Чем больше родственников я обзванивала, тем больше всплывало плохих новостей. Дон – администратор психиатрической больницы на пенсии – удивился моему звонку.
– Никто из родни не поддерживал со мной связь, – печально произнес он. – Семья практически распалась.
Дон был первым, кто подтвердил мне, что мы как клан потеряли всякий интерес к собственной истории.
– Мы фактически списали свое прошлое в расход, – продолжил он. – Это похоже на отрицание своей истории. Никто ничего не знает и знать не желает.
Я говорила и с другими родственниками и поражалась тому, что они описывали целую жизнь кого-то из своих предков одним-двумя предложениями.
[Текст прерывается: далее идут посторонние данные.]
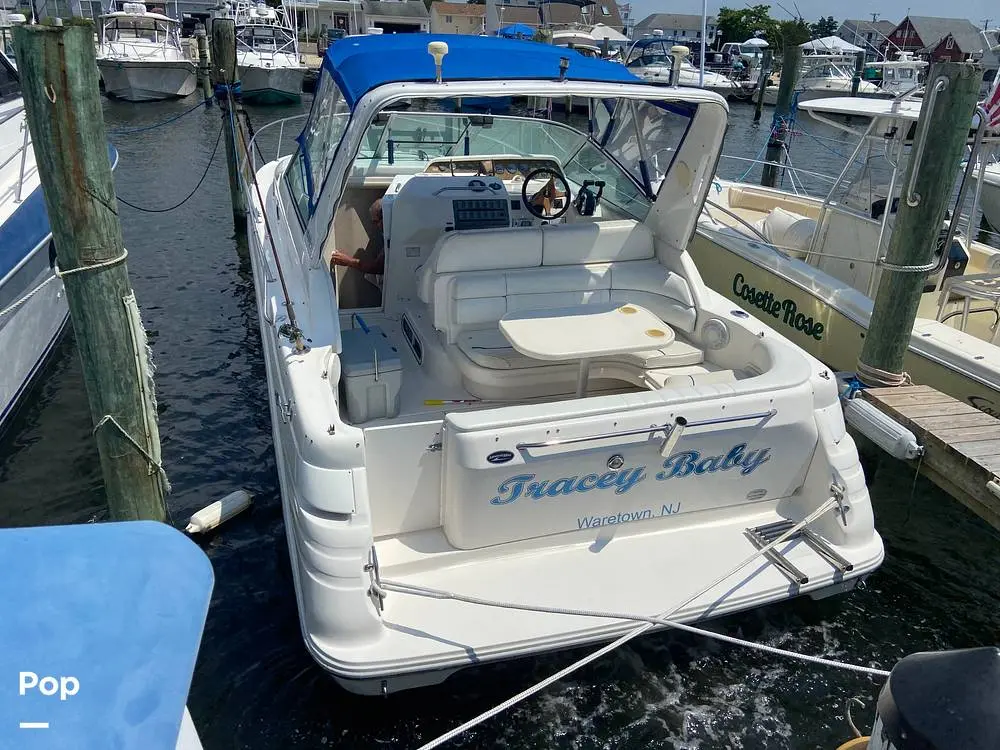 1995 Sea Ray sundancer 290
Так, я узнала, что один из моих двоюродных прадедов «на бар-мицве танцевал со всеми дамами». Его жена «подавала коктейли из креветок в стеклянных банках».
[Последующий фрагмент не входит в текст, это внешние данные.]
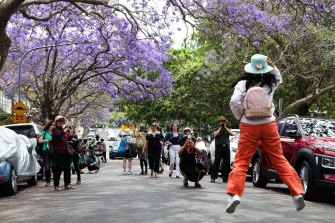 There are tours of our stands of violet jacarandas now, with Instagrammers causing traffic jams in one particularly photogenic street in Kirribilli.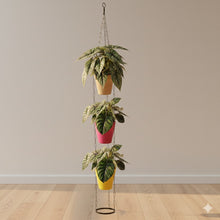 Alocasia Dragon Plant with Cone Pot & Hanging Cone Chain Combo – Premium Indoor Decorative Plant Set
Этим людям еще повезло: мы о них хотя бы говорили. «Забывают практически всех», – сказал муж, не без интереса следивший за моими исследованиями. Я нашла свидетельства о смерти своих предков, и это подействовало на меня отрезвляюще, лишний раз доказав одну простую истину: все когда-нибудь умирают. Это правило не знает исключений.
Значительная часть нашей истории испарилась, но остались следы. Моя двоюродная сестра Донна рассказала, что в Минской губернии одну из сестер моей прабабушки Розы украл русский казак и больше никто никогда о ней не слышал. Донна думала, что мне известна эта история. Откуда?
– Это было в царское время, – сказала она. – Этот казак скакал на коне – мне мать рассказывала. А бабушка говорила, что та девушка была очень красивая.
Еще одна двоюродная сестра подтвердила, что тоже слышала эту историю.
Знала ли моя милая бабушка из Южной Каролины, что одну из ее теток похитили? Моя мать утверждает, что она никогда об этом не упоминала. Но благодаря списку родственников, который мне продиктовала бабушка, я вычислила, как звали эту тетушку: Эсфирь. Мою бабушку Эстер назвали в ее честь.
Я пробила защиту Барри, отправив ему копии старых фотографий и фамильное древо, составленное со слов моей бабушки на пять поколений назад. Убедившись, что я ему не соперница, Барри начал регулярно звонить мне, чтобы обсудить самые свежие наши находки.
Как-то раз он сказал мне, что у него сохранились серебряные подсвечники, которые Роза привезла с собой из России. Он даже прислал мне их фотографию. Отполированные, они стояли на столе у него в гостиной во Флориде.
Я позвонила матери, чтобы рассказать, что я узнала, но ее наша семейная история не интересовала.
– Возьми эти подсвечники себе! – сказала она, уверенная, что детям Барри они ни к чему.